Esta exportação de dinheiro alemão, emprestado ou investido no estrangeiro, chegou a representar mais de 25% do capital bancário alemão, o que já é um valor mais que respeitável. A dependência da banca alemã destes fundos era muito grande. E aí radica parte do problema. Não é bom para a UE, nem também para a Alemanha, que haja desigualdades de rendimento tão acentuadas dentro da Alemanha e dentro da UE. Não é bom que as classes populares alemãs tenham tão pouca capacidade de procura (que estimule a economia) e não é bom que Alemanha tenha tanto dinheiro para exportar e que os países periféricos tenham tão pouco para importar, endividando-se tanto. Criam-se assim enormes dependências que enfraquecem todo o sistema europeu. Neste momento, a banca alemã, a francesa e a de outros países do centro da zona euro, emprestaram 1,4 triliões de euros aos países periféricos (uma quantia impossível de pagar por parte dos países periféricos). E aí está o problema. A banca alemã e seus aliados no establishment europeu, incluídos o BCE e o FMI, estabeleceram como objectivo central da recuperação económica o forçar os países periféricos a pagarem as suas dívidas, tanto públicas como privadas, aos seus bancos. E o objectivo fundamental da mal denominada ajuda aos países periféricos por parte da UE e do FMI é, na realidade, ajuda aos bancos alemães (franceses e de outros países do centro da zona euro), emprestando dinheiro aos estados periféricos para que paguem a sua dívida.
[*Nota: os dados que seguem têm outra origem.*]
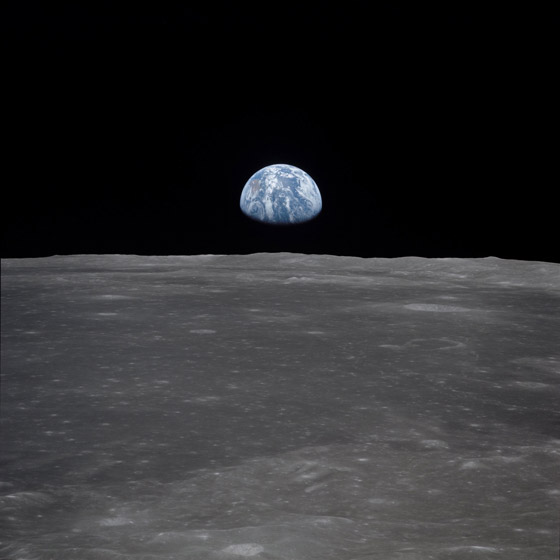 رائد فضاء يشارك لقطة مدهشة للخط الفاصل بين الليل والنهار على الأرض صورة رقم 4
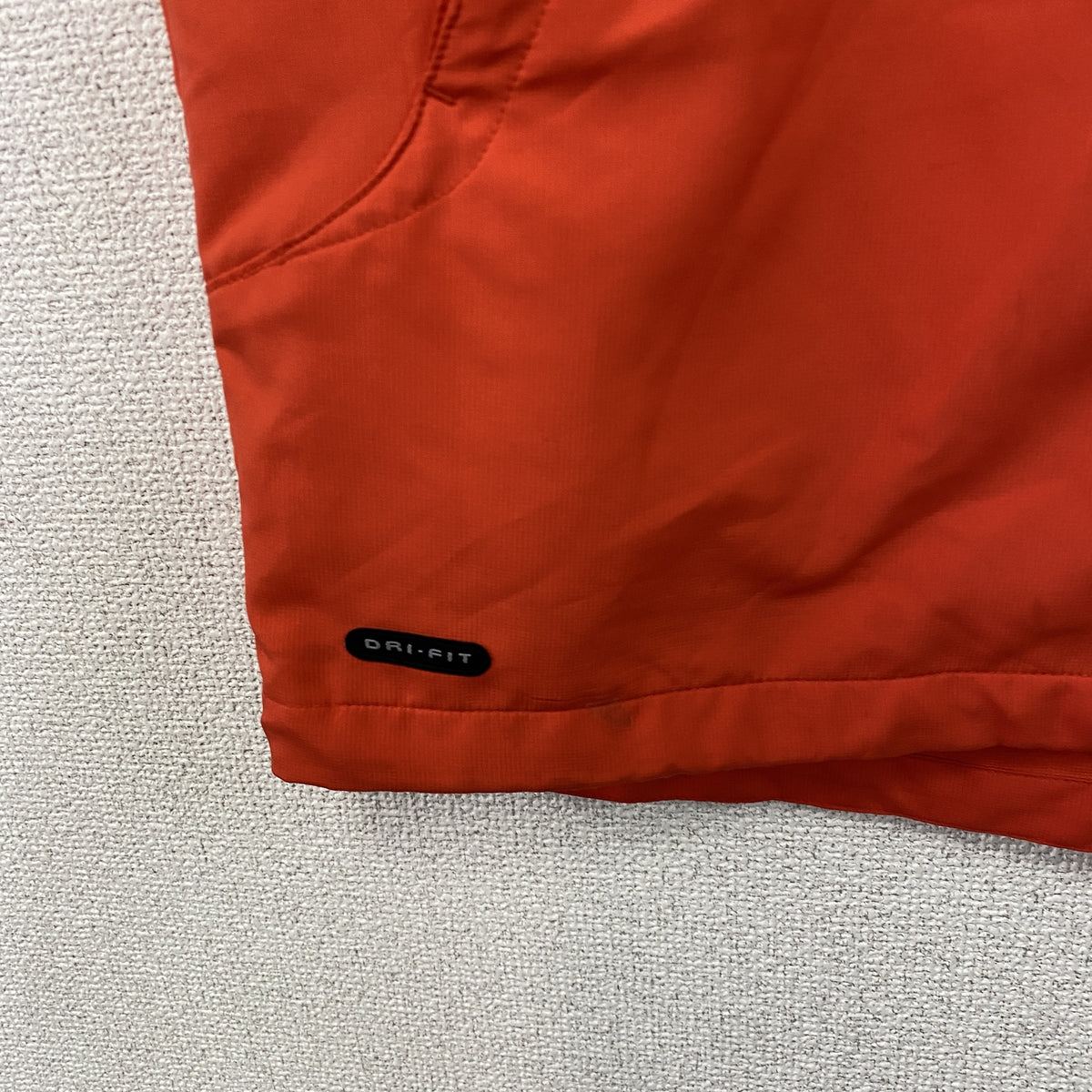 NIKE　ナイキ　フルジップベスト　スウッシュ　オレンジ　Lサイズ　古着
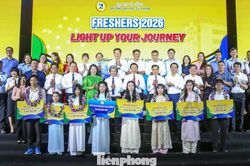 Hơn 1,4 tỷ đồng học bổng đồng hành cùng sinh viên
Esta situação poderia ter-se prevenido se se tivesse seguido outra via, tal como apontou Lafontaine em seu momento. E tal como pediram as esquerdas em Espanha em 1993. Recordemos que, em 1993, as esquerdas foram marginalizadas, tanto dentro do governo PSOE como fora dele. A redução do déficit do estado (necessário segundo o Pacto de Estabilidade) fez-se à base de reduzir o gasto público e de aumentar o endividamento privado, em lugar de aumentar os impostos, realizando a muito necessária e sempre adiada reforma fiscal progressista, tal como tinham pedido as esquerdas. Mais, em lugar de redefinir o Pacto de Estabilidade, estimulando mais a componente de crescimento, seguiram-se políticas monetárias de reduzido impacto estimulante. O crescimento económico em Espanha passou a estar centrado no endividamento privado e de carácter especulativo. E assim estamos.